Since 2012 he has occasionally written for the New Statesman, contributing articles on philosophers and on veganism.

In 2015 he was elected as a Fellow of the Royal Society of Literature.

==Works==
- "Ludwig Wittgenstein: The Duty of Genius" (1990)
- Bertrand Russell: The Spirit of Solitude 1872–1921. London: Vintage Books, 1996.
- Russell. London: Weidenfeld & Nicolson, 1997.
- Bertrand Russell: The Ghost of Madness 1921–1970. London: Vintage Books, 2001.

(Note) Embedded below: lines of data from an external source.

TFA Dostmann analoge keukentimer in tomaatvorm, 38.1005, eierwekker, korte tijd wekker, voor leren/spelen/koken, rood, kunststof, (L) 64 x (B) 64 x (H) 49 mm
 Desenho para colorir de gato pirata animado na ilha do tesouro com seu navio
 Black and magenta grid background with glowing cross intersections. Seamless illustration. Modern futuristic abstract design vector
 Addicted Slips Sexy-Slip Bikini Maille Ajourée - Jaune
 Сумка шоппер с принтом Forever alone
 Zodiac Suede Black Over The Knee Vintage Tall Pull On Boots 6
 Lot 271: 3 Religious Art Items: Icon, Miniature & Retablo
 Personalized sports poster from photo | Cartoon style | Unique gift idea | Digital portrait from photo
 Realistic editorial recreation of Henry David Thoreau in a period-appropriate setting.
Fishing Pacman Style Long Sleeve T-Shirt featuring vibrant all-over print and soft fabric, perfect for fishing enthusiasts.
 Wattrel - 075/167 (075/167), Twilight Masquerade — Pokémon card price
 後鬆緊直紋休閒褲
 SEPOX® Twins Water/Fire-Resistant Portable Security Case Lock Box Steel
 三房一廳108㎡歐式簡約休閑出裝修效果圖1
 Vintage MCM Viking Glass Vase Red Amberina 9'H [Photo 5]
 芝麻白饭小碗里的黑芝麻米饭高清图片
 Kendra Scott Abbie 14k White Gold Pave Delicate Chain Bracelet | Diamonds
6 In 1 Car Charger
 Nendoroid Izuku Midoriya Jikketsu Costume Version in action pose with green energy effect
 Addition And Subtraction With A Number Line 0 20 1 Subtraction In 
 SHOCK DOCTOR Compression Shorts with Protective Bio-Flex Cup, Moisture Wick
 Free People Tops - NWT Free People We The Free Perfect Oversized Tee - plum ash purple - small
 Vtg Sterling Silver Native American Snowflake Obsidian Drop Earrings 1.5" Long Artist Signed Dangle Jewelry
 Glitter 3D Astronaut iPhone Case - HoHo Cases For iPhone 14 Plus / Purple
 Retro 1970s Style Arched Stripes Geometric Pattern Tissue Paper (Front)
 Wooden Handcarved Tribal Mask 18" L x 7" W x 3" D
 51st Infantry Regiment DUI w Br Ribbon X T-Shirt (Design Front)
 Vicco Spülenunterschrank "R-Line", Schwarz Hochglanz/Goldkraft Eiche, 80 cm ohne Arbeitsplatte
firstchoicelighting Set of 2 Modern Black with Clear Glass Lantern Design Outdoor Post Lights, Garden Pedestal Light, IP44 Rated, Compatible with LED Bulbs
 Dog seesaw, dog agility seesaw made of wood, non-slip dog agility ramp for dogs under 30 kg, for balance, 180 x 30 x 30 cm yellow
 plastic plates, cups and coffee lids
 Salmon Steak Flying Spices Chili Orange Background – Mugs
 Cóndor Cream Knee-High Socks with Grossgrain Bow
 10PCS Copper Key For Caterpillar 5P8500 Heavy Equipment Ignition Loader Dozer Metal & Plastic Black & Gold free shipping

- "Philosophical Biography: The Very Idea". In Klagge, James C. (2001). "Wittgenstein: Biography and Philosophy" pp. 3-15.
- How to Read Wittgenstein. London: Granta Books, 2005.
- "Robert Oppenheimer: A Life Inside the Center" (2012)
  - "Robert Oppenheimer: A Life Inside the Center" (2012)
  - Inside the Centre: The Life of J. Robert Oppenheimer. London: Jonathan Cape, 2012; Robert Oppenheimer: A Life Inside the Center. New York: Doubleday, 2013.
  - "Robert Oppenheimer: A Life Inside the Center" (2014)
- "Ludwig Wittgenstein: A Sketch of His Life" (chapter in A Companion to Wittgenstein, edited by Hans-Johann Glock and John Hyman. Wiley-Blackwell, 2017)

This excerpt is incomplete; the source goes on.